-- TASK TO COMPLETE --
The following data is to be repeated exactly, its pictures excluded.

-- RECORDED DATA --
※

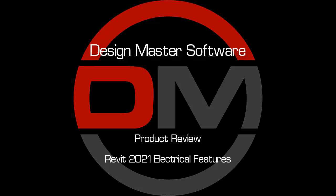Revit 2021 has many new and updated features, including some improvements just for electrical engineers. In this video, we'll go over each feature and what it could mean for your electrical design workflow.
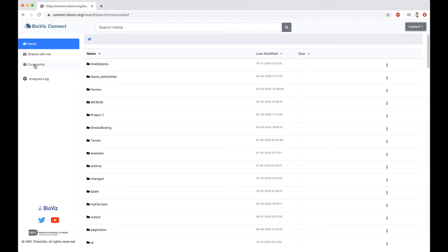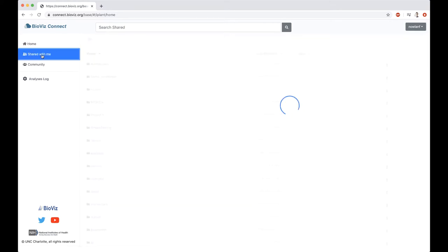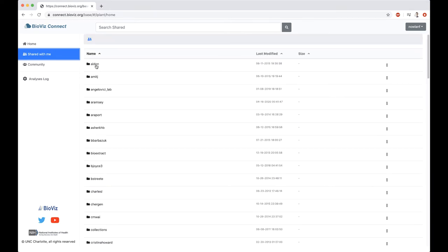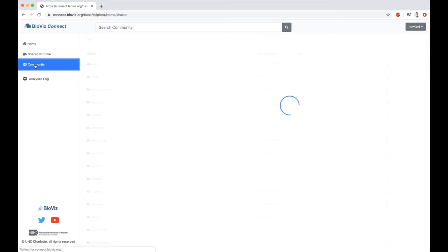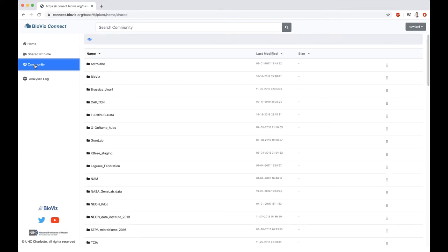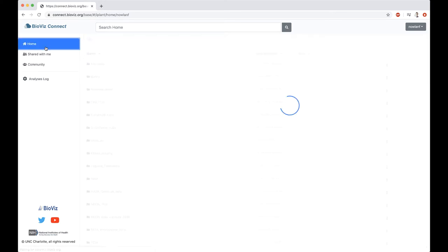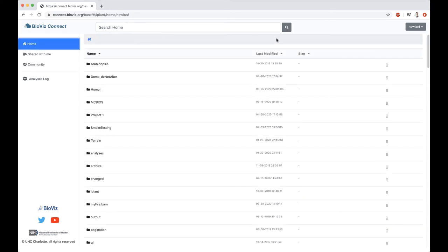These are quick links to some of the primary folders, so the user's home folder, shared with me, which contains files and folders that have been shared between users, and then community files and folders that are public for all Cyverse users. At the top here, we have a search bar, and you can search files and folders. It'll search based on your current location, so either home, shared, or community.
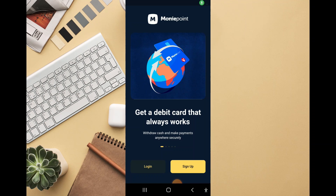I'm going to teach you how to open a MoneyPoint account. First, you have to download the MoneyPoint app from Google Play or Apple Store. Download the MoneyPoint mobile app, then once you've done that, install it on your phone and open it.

※

-- RESPONSE TO THE TASK --
Revit 2021 has many new and updated features, including some improvements just for electrical engineers. In this video, we'll go over each feature and what it could mean for your electrical design workflow.
These are quick links to some of the primary folders, so the user's home folder, shared with me, which contains files and folders that have been shared between users, and then community files and folders that are public for all Cyverse users. At the top here, we have a search bar, and you can search files and folders. It'll search based on your current location, so either home, shared, or community.
I'm going to teach you how to open a MoneyPoint account. First, you have to download the MoneyPoint app from Google Play or Apple Store. Download the MoneyPoint mobile app, then once you've done that, install it on your phone and open it.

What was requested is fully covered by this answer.